Another instance of showing and telling working well in tandem came in the scene set in Anderson & Sheppard, where McQueen trained. His cutting of the dress made for Dahlia on her person demonstrated in the most direct way possible the traditional tailoring skills he learned there, and the dialogue with his mentor Mr Hitchcock (Michael Bertenshaw) revealed the balance between a sense of history and subversion that he always tried to maintain in his work: if you are going to be an iconoclast you have to be a traditionalist first!

Stephen Wight, Laura Rees and Carly Bawden in McQueen

Not everything succeeds. The scene with Isabella Blow is an elaborately Baroque duet between two natural divas, but lacks dramatic bite as a result, more especially when there is a good deal of uncharacteristically clumsy filling in of ‘facts you need to know first.’ If this were an opera you could get away with this back-story packaging, but not here. More seriously there is a fuzziness around the character of Dahlia that is not always helpful, and sometimes undermines dramatic coherence. What exactly is Dahlia’s contribution? As muse, mere theatrical device, or projection of part of Lee’s own personality? This matters particularly in the second half of the show where she is much more prominent and it is not enough to leave this issue floating unresolved. We do not care enough about her as a character in her own right at this stage for the dramatic structure to take the weight, and this is only partially redeemed by the memorable summing-up that Lee gets to deliver in the final minutes.

I am not sure that inserting an interval for the West End has actually helped the play. It would work better in continuous sequence without placing equal weight on the thinner material in what is now the second half, while preserving the delicate fantasy ambience unbroken.

The production values are excellent.
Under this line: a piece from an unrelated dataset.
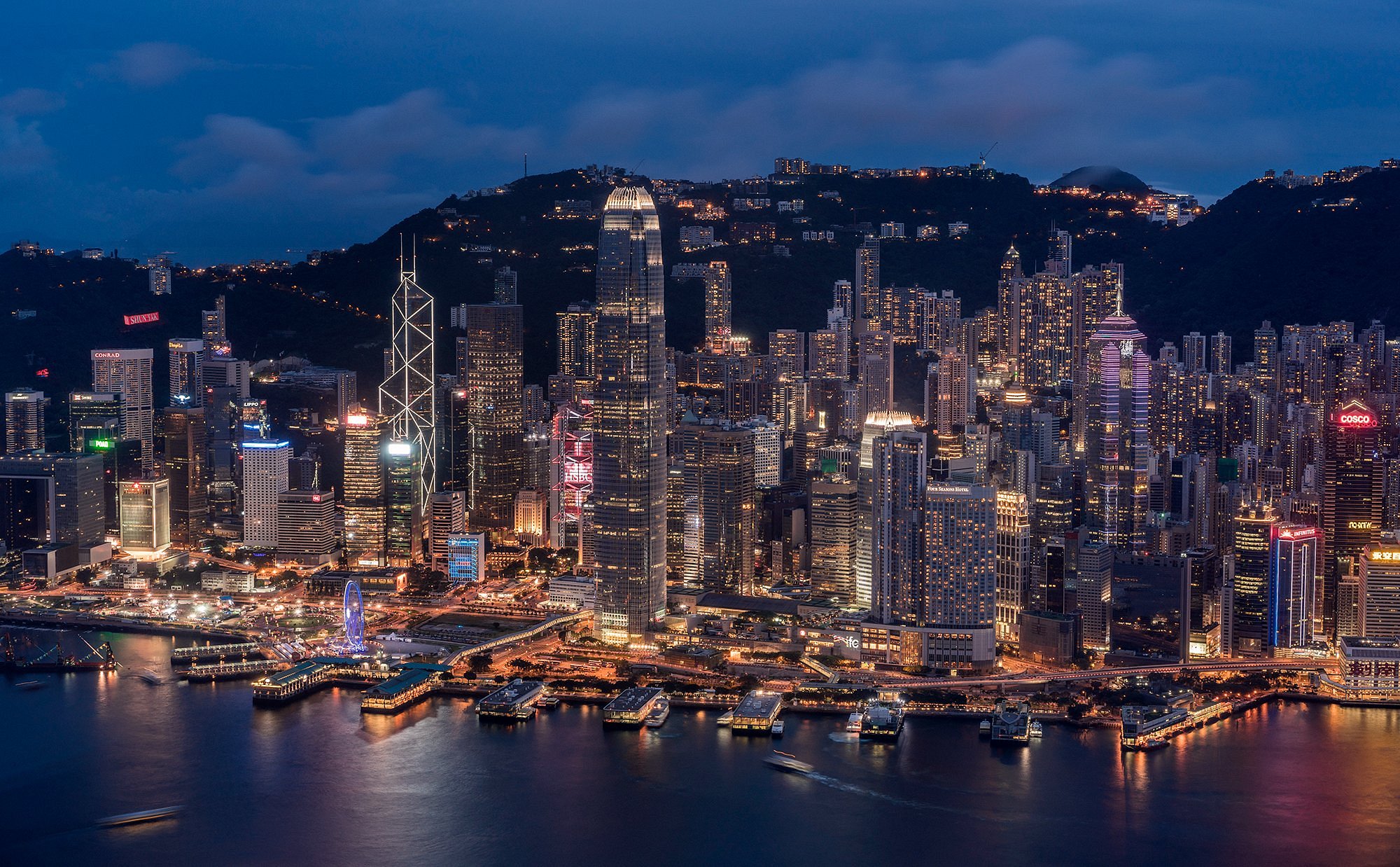 Four Seasons Hotel Hong Kong by Google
The direction is fluent and with a painterly eye for visual tableaus as much as kinetic energy. The choreography is outstandingly varied and imaginative: the dancers clear the set, pose as mannequins, and in fact act more as a non-vocal chorus offering a visual commentary on and integral with the action. The wardrobe team has performed the tricky task of referencing the designer’s work while not slavishly copying it, and video projections give a vivid sense of London locations when needed.

Stephen Wight as Lee in McQueen

Wight’s embodiment of McQueen is peerless. The mannerisms, the combination of brashness and vulnerability in speech and movement, the extremes of sensitivity and vulgarity, consideration and ruthless selfishness, were all in place, together with a self-awareness about depression, fear of death and the alarming nature of his own talent that was finely observed. Bawden does very well with Dahlia, making sure she stands up to Wight’s character when needed while not losing her goofy charm: but the role itself is really still unfinished. Oberman and Rees take their opportunities to the full, and Bertenshaw’s understated gentleman’s tailor provides a welcome point of repose and carefully contrasted restraint.
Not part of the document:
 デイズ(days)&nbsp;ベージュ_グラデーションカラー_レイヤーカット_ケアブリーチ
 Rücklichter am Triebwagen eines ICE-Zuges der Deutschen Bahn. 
The evening is continuously thought-provoking, visually spectacular, and highly ingenious in integrating design, music, dance and characterization to give as detailed a portrait of the sources of McQueen’s creativity as we are likely to get. Parts are both unexpectedly funny and genuinely moving too. Putting the creative process of an artist itself on stage is a tricky business – in recent times perhaps Sunday in the Park with George is the only fully successful example. Short of a musical or operatic treatment of McQueen’s life - something that might well still be worth doing given the scope the subject offers to all the theatrical arts – this play stands as a bold and broadly successful artistic portrait.
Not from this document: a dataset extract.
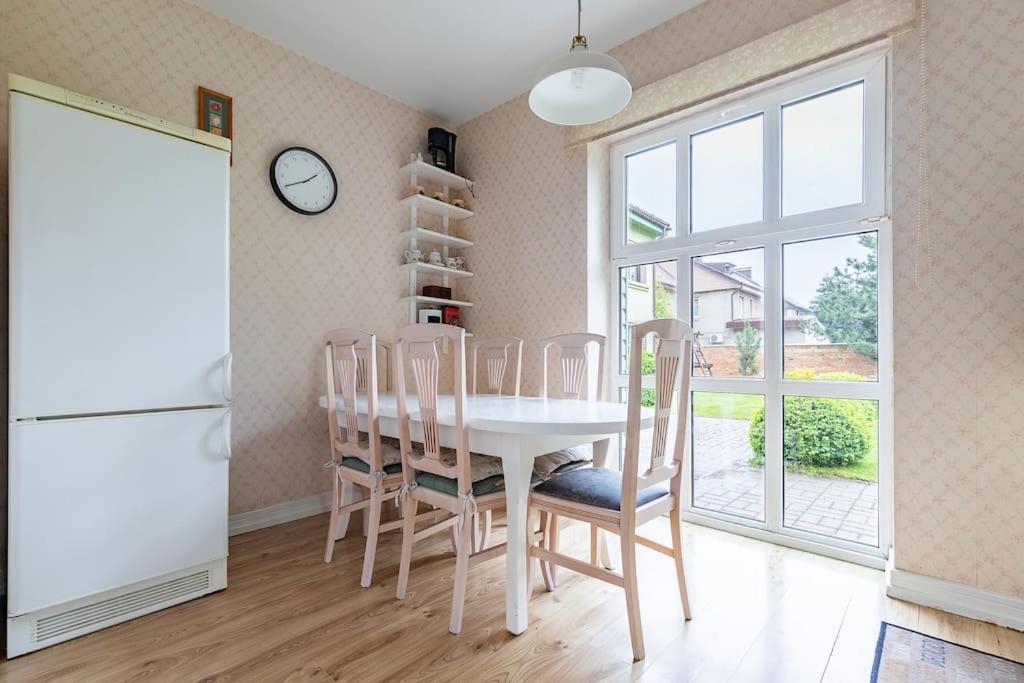 New House, Private Garden & Parking Center Appartement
The play triumphantly recovers and re-asserts McQueen’s credo that design is at its best an act of love of the person – a summing up of who that man or woman was, is and may become – and therefore lies, paradoxically, in the mind as much as purely in the visual sense. It was for this reason that Alexander McQueen chose the Shakespeare line that heads this review to wear as a tattoo – a blazon for his time, and – surely – for all our times.